国際標準や国際標準化という言葉を聞かれたことがあると思います。ISO 9000(品質マネジメントシステム)やISO 14000(環境マネジメントシステム)が有名ですが、電気関係にはIECという国際標準があります。「世界一になる理由は何があるんでしょうか? 2位じゃ駄目なんでしょうか?」という言葉を発した大臣がいましたが、通常、世界一になると国際標準になり易いというメリットがあります。企業にとって国際標準を制することは国際競争力をつける上で欠くことができない条件となるため、世界の有力企業が力を入れている分野です。

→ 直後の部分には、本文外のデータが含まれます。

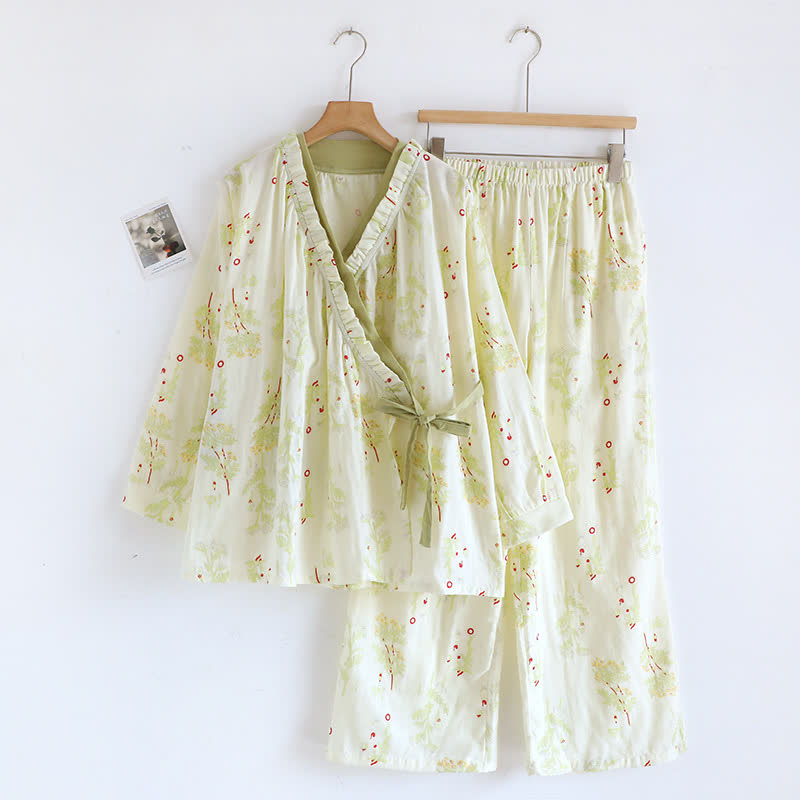 Rural Slanted Collar Cotton Nightwear Set - XL - image 0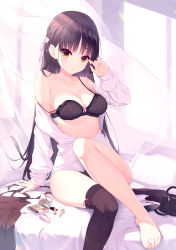 Rule 34 | absurdres, bare shoulders, barefoot, black bra, black hair, black panties, black thighhighs, blush, bra, breasts, cafe stella to shinigami no chou, cellphone, cleavage, commentary request, cosmetics, fingernails, floral print, flower, hair flower, hair ornament, hair ribbon, haku89, highres, jewelry, unworn legwear, long hair, long sleeves, looking at viewer, medium breasts, off shoulder, on bed, open clothes, open shirt, over-kneehighs, panties, phone, pillow, print bra, ribbon, ring, shiki natsume, shirt, single over-kneehigh, single thighhigh, sitting, skirt, unworn skirt, smartphone, solo, strap slip, thighhighs, thighs, toenails, underwear, very long hair, white shirt, yellow eyes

IEC(国際電気標準会議)は1906年に設立され、電気製品などの安全性向上のためのIEC規格を作成しています。私は、1987年から電気製品、部品、材料の火災危険性を評価する試験方法に関する国内技術委員会に属してIEC活動に携わっています。1990年にプラスチック材料の燃焼試験方法を作成する委員会が開かれたので、その時から国際会議に出席するようになり、28回、18か国での会議に出席しました。燃焼試験方法はプラスチックの試験片にバーナの炎を当てて燃え方を評価するものですが、炎の揺らぎなどによって試験結果が大きくばらつくので、試験に携わる人間にとって悩ましいものでした。バーナでガスと空気を混合して炎を作りますが、当初は炎の高さだけしか規定されておらず、この炎が瞳の色が黒い我々にはよく見えていないことに気づき、問題点を指摘しました。ちなみに瞳の青い人種がサングラスをかけるのは、目の光線透過率が良過ぎるために外の光が眩しく感じるためです。それで炎の高さに頼らない、ガスと空気の流量を制御するバーナを提案しました。これが国際審議の場でイヌイバーナと呼ばれたので、社内でもそのように喧伝してくれる人がいて、お蔭でローテーションされないで長くこの仕事に携わることになりました。いずれにしても、創意工夫をするということは楽しいものです。

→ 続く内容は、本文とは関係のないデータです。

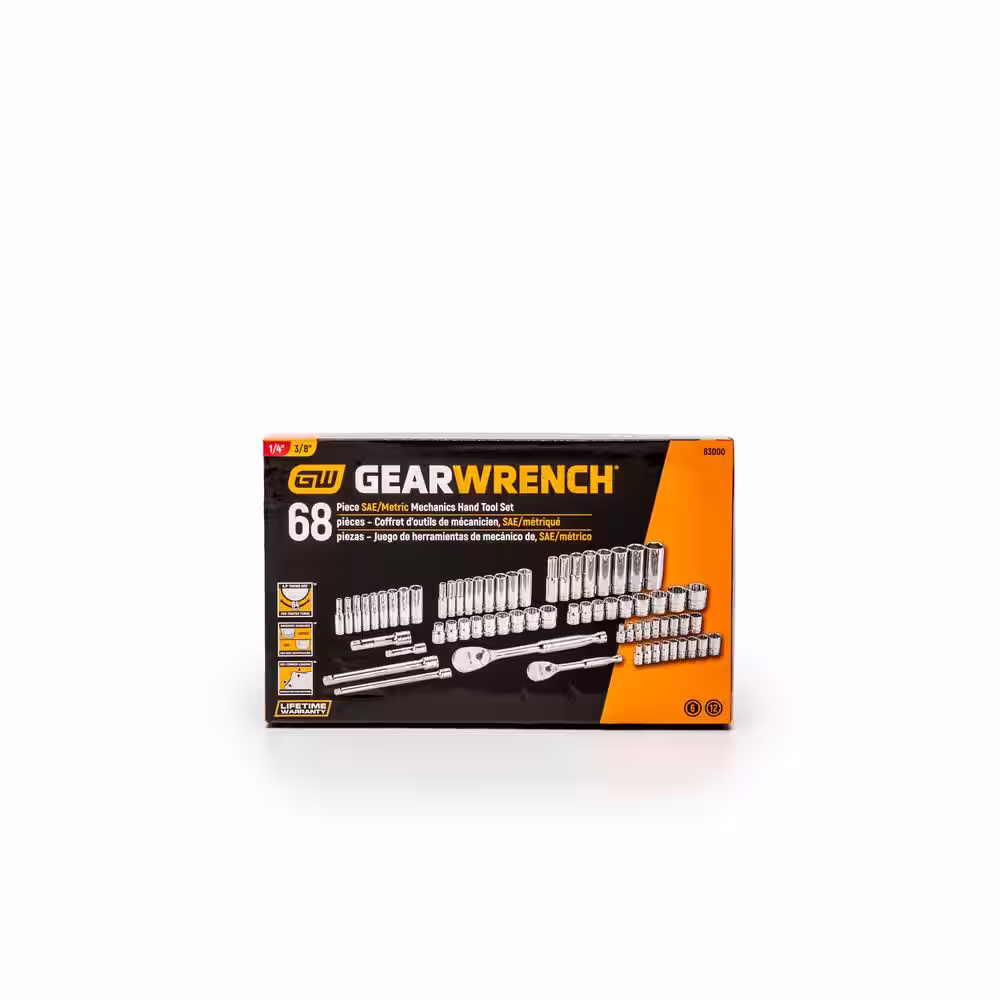 GEARWRENCH 1/4 in. and 3/8 in. Drive Standard & Deep SAE/Metric 90-Tooth Ratchet and Socket Mechanics Tool Set (68-Piece)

社外活動が多いので、「会社に居なくてもいいが、会社になくてはならない人になれ」などと嘯きながら仕事をしていましたが、2時間前に出社して、他の人が出て来る頃には外に出て、定刻後に帰社して再び社内の仕事をこなさなければ続けられない仕事です。欧米ですと、国際規格をいくつ作成したというようなことが評価点に加算されるようですが、国内では重要性は理解しても適正に評価するシステムがないところが泣きどころです。

2009年に会社を退職したのを機に、国内のIEC活動推進会議から議長賞をいただきましたが、2010年にはIECからIEC1906賞という栄誉を与えられました。これは2004年に設けられた賞で、国際規格を作成する上で個人として貢献した者に与えられるものです。この時に日本から20名、同じ技術委員会ではオランダのDSM社の人間と私の2名が表彰されました。日本人は、英語のジョークなどにはついて行けないので、言葉ではなく出来るだけデータで説得しようと努めていますが、長くやっていると信頼もされるようになって、少しは日本のために貢献できているかなと思って、この仕事を続けています。